Hello, hoping some of you may be able to take a few moments to offer some advise. 

I recently had my roof replaced and the roofers installed an EPDM flat rubber roof over my back porch. I noticed that there were several wrinkles/bubbles and am concerned that it may cause problem. The contractor said it will not be an issue, but I am reading mixed theories on various websites. The roof was installed in the winter, and it has started getting warmer out here in Minneapolis, so maybe this is normal. I am hoping someone can look at the photo set and advise if they think this looks ok or not. 

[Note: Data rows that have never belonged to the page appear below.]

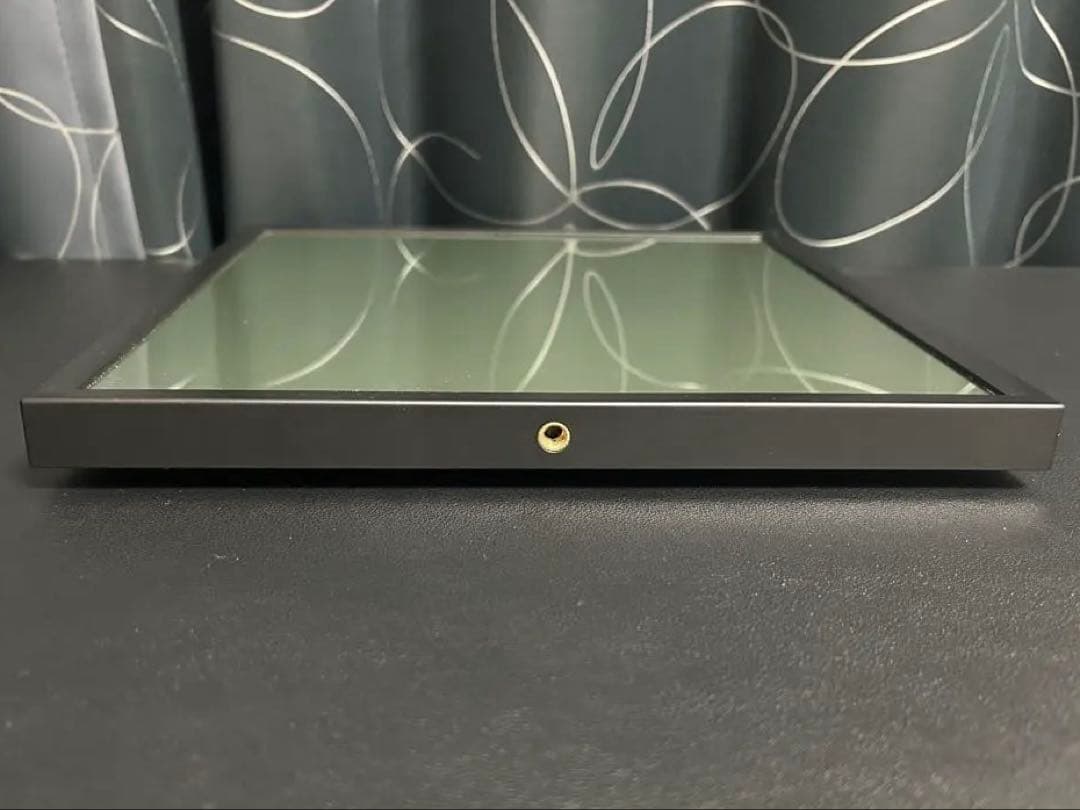 Divoom Pixoo 64 ピクセルアートフレーム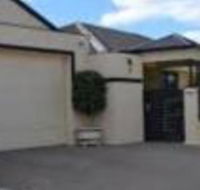 Sunset Retreat - Accommodation Gladstone
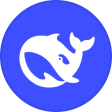 DeepSeek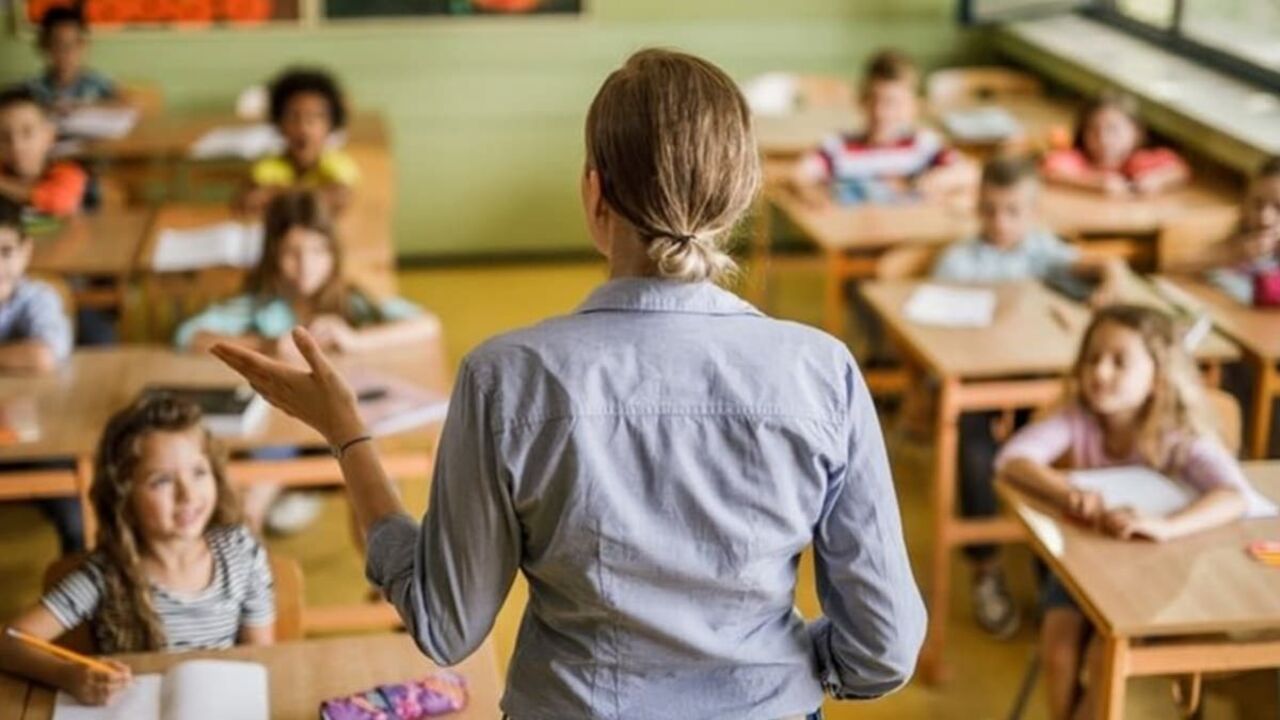 Telafi eğitiminde ek ders ödenir mi 2021? Telafide Ben De Varım ek ders ücreti ne kadar?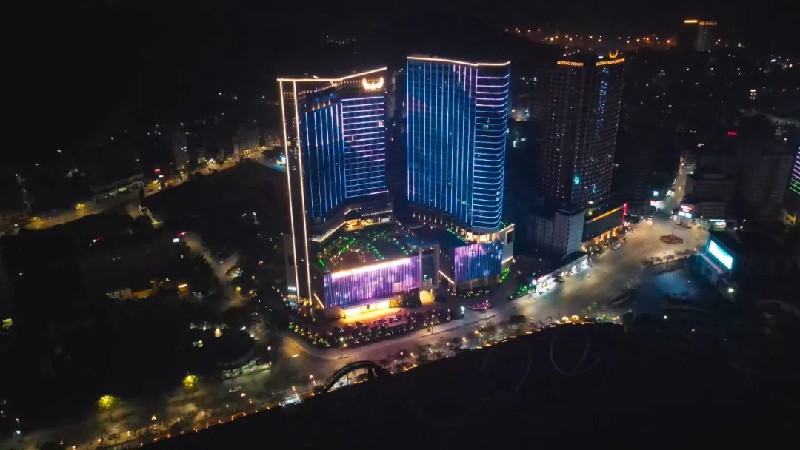 1620884885102385.jpg 4.jpg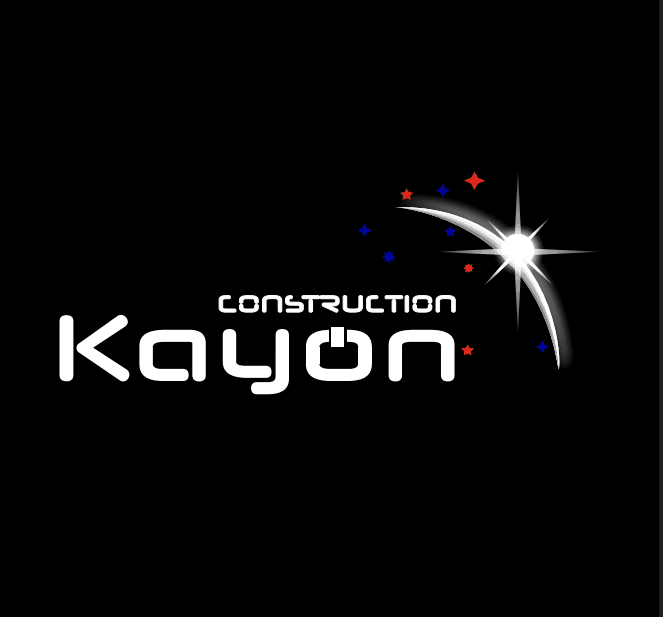 Каён Сохтмон
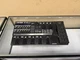 1 Used Boss GT-8 Guitar Multi- FX Pedal For Parts Or Repair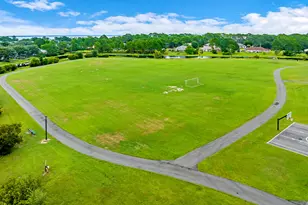 741 Cocobolo Dr, Santa Rosa Beach, FL 32459 - Photo 60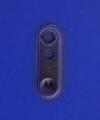 Накладка на камеру Motorola Droid Turbo 2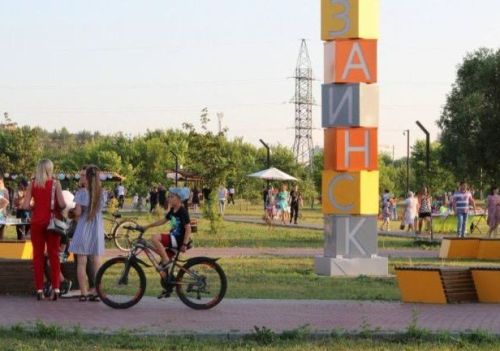 Как будем отдыхать на майских праздниках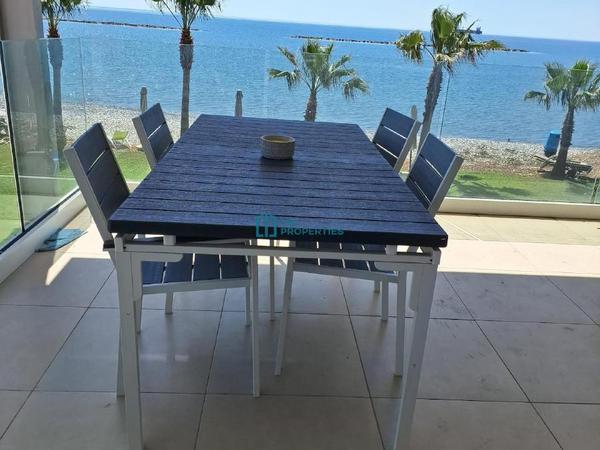 2 bedroom apartment for rent oroklini larnaca 8821985 image 16949139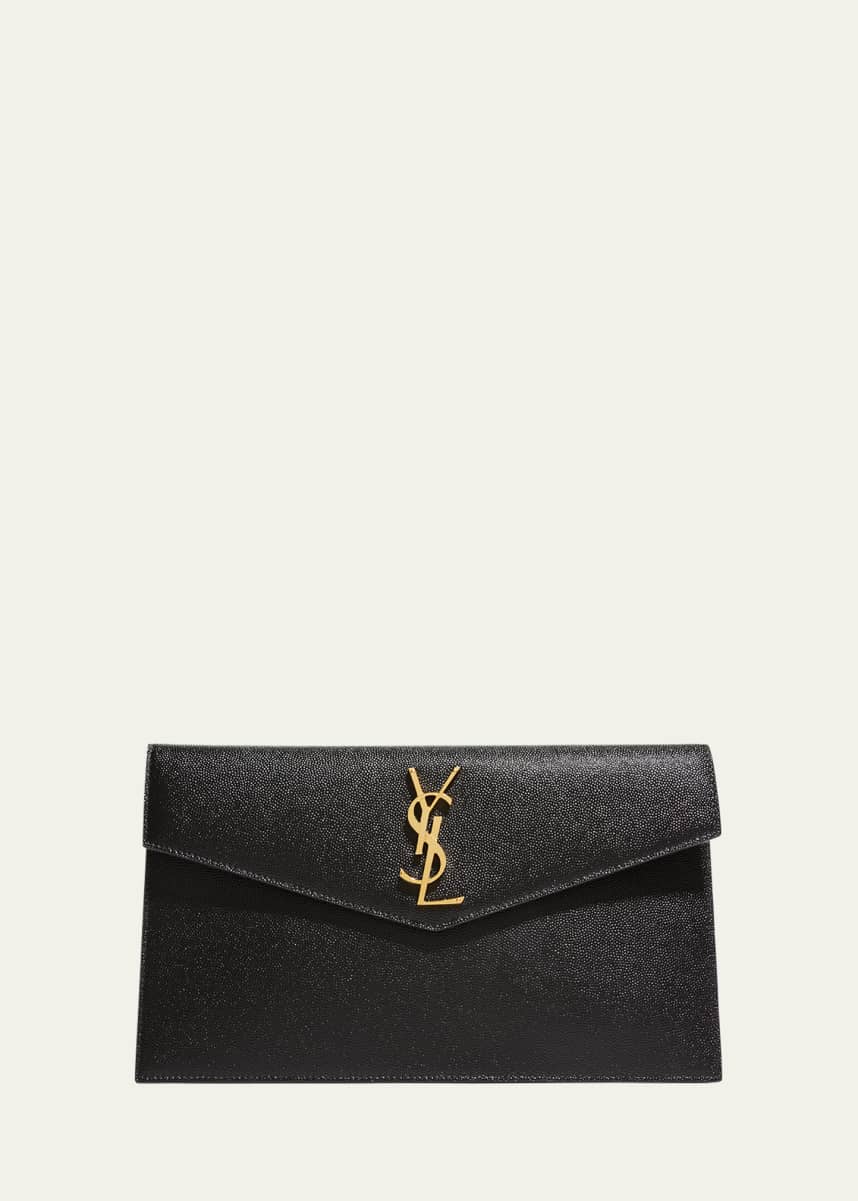 Designer Wallets Wristlets for Women Bergdorf Goodman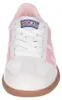Back70 Sneaker Low Damen 32323135393837 Weiß 41 EU Produktbild-Vorschau 7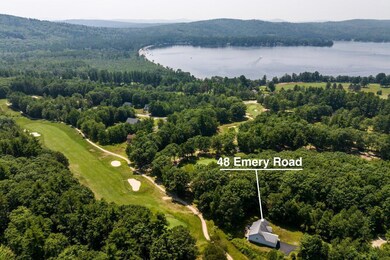 007-48EmeryRoad-Parsonsfield-ME-04047-SM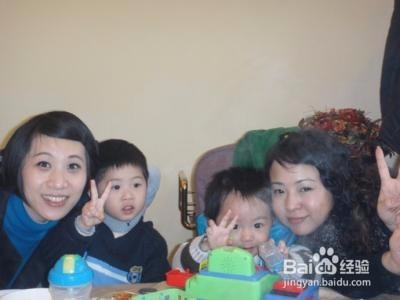 如何吃才能在过年聚会不怕长肉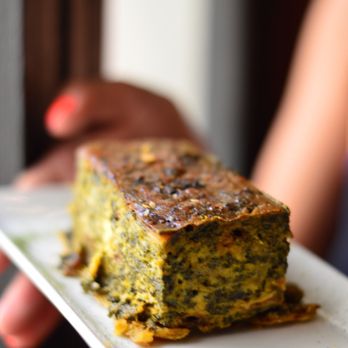 El Sur - Tapas Bars Near Me - Madrid, M El Sur - Tapas Bars Near Me - Madrid, M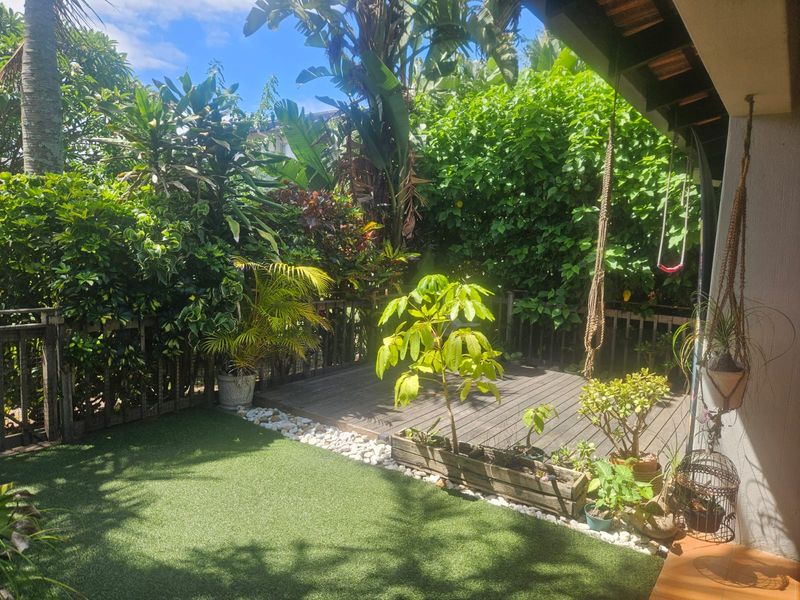 Prime Property presents Fully furnished  Coral Heads Townhouse for rent - Photo 3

http://www.flickr.com/photos/mose/sets/72157629653004695/

Thank you,

-Mose


----------



## Jim F (Mar 4, 2010)

I am not a roofer, but since nobody else has replied I offer my opinion. At least it will give your question a bump and maybe get it noticed by somebody who can help.

I have one of these roofs on my garage and it does have a few wrinkles in it but not as severe as those. the wrinkles themselves should not cause problems unless they allow water tp puddle and even then the membrane will not let water through as long as the flashing is installed properly and all the seams are sealed. 

Having said that, I think this is a poor job at least from an asthetic point of view. How visable is this roof? On image 161 it looks like there is a large buckle in a place where it meets the wall that could let water in. It also looks like there should be some flashing over the membrane where it meets the wall and not just flashing under the membrane.


----------



## tinner666 (Mar 14, 2005)

That's not cover tape on the drip edge. That's just cut strips of EPDM. There are gaps between the strips and the field sheet. Cover strip should go all the way to the outer edge of the drip edge. Not stop 3" shy. And the drip edge was supposed to have been caulked with water-stop between the two pieces of metal, inside the joint. That'll leak if it isn't already leaking.
In the last pic, it looks like the roofed over gravel. Are those dimples all over the place?

Last, but not least, they used cheap .045 which is mnainly good for temporary tarping of tools and material. .060 reinforced would have been the way to go. I think this roof will fail. Just a question of when.


----------



## OldNBroken (Jun 11, 2008)

Was definitely not a real roofer that installed that. Hope you didn't pay someone to do that to you.


----------



## Roofmaster417 (Jun 9, 2010)

I guess the rolling the material was not utilized.That is bad.Tinner hit my replies.

Btw.,that looks like banana creme cake frosting. :laughing:


----------



## AtlanticWBConst. (May 12, 2006)

HACK job. Guy had no clue what he was doing who did that.


----------